The wet food is a higher-quality selection of food for your German Shepherd. Since the dog belongs to the larger breeds and is usually very active, wet food is particularly suitable for him, as it has a high proportion of meat and water.

You should also pay attention to this when buying. This ensures that the German Shepherd is optimally supplied with species-appropriate food and that its water balance is also supported. In addition, wet food is very low in energy per weight compared to others. This is very beneficial for German Shepherds in particular, as they can eat more, are more full and still do not consume too much energy.

This can help balance your dog’s cravings with preventing obesity. Especially with regard to the already mentioned bone and joint diseases, this can be seen very positively in wet food.

The Right Dry Food

Dry food is usually very rich in energy and therefore the cheaper variant of nutrition compared to wet food, as smaller amounts are fed. However, you should also make sure that this one is high in meat and low in grain. Since shepherds in particular often struggle with dull fur and increased hair loss, as well as diarrhea, you should make sure that the dry food contains all the important nutrients your dog needs.

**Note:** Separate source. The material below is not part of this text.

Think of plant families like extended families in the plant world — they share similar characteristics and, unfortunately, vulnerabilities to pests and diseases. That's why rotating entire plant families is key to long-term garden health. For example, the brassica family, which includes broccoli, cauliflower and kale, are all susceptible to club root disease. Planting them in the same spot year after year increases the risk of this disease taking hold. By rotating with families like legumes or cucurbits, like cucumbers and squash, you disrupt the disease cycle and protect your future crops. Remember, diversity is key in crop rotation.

Since dry food usually tastes worse for the dog, it is often provided with flavor enhancers. Because of the aforementioned issues, you should avoid dry food products that are high in artificial additives.

As already mentioned, obesity in a German Shepherd must be prevented as much as possible, which is why the energy value of the dry food must not be too high.

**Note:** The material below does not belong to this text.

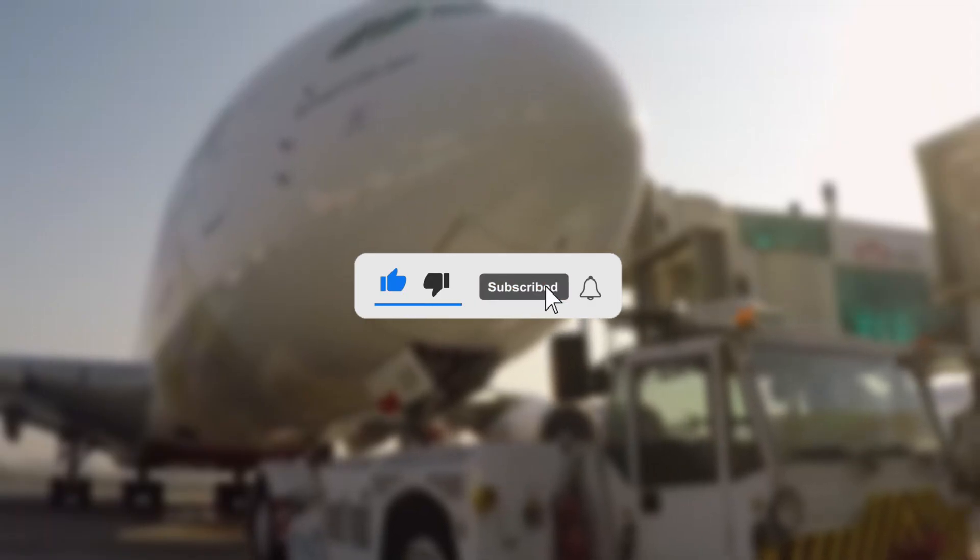If you like content like this, be sure to like this video and subscribe to this channel. Also, check out the next video on the massive improvements and developmental projects in Ghana as well. Thank you and on to the next video.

Often there are also allergic reactions to all types of grain in the German Shepherd. At best, you should therefore make sure that this proportion is not only very low but that the dry food is gluten-free and therefore does not contain any components of any type of grain.

Nutrition with BARF Food

BARF food is a particularly high-quality alternative to both dry and wet food. This contains only raw and natural ingredients and completely dispenses with grain, so that you do not have to worry about previously mentioned problems.

The BARF food often consists of offal, bones, fish and sometimes vegetables. Therefore, a very high meat content is achieved, which is ideal for the German Shepherd. Since this is one of the predators and, unlike other dogs, still resembles the wolf, meat should be the main component of the diet, which is safely achieved with the BARF food.

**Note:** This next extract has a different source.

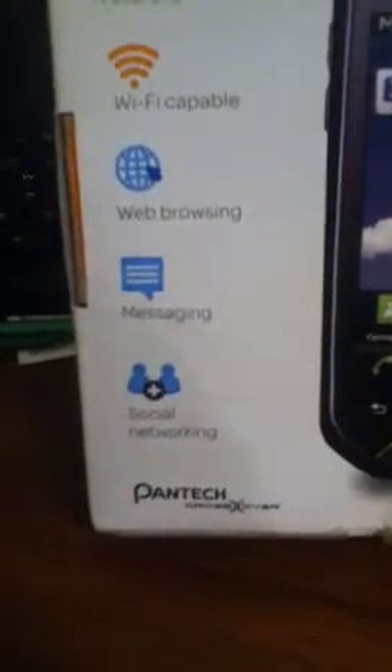Hey guys, this is Mr. Wyatt 3131 and I come here with a new phone that I got. I got an AT&T phone. It has all these cool stuff — it has Android, Wi-Fi, web browsing, messaging, social networking, and the company is Pantich and it says right here: Crossover. That's the company.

Additional Feed Alternatives

Due to the high water and nutrient content, it is advisable to give your German Shepherd fruit and vegetables in addition to normal food. However, not every fruit/vegetable is suitable for the dog, some are even poisonous. But more on this in the next chapter.

For example, you can easily feed carrots, cucumbers, lettuce, apples, bananas and melons to your German Shepherd. However, cores should be removed beforehand. It is also useful to puree fruits/vegetables to make them easier to digest.

If you consider this, your dog can be supplied with nutrients and water even more successfully with these additional food alternatives.

Food that German Shepherds Should Avoid

Despite the additional food alternatives, the German Shepherd is by no means an omnivore. Some foods that are essential in the human diet can cause extreme physical discomfort in your German Shepherd. Therefore, you should take special care that you do not give your dog everything that appears healthy to you.

Raw pork can potentially be affected by Aujeszky virus, which can kill dogs in a matter of days because there is no cure.

Garlic, onions, beans, potatoes, and eggplants cause vomiting, diarrhea, and stomach upset, although a large overdose can theoretically be fatal.

Grapes and raisins can cause kidney failure, which can also be fatal.

Finally, your German Shepherd must not ingest chocolate, as it contains a substance that is toxic to dogs. Even in small amounts, this poison can be fatal to your German Shepherd.

With feeding that goes beyond normal dry/wet food, you have to pay very close attention to what you give your dog to eat.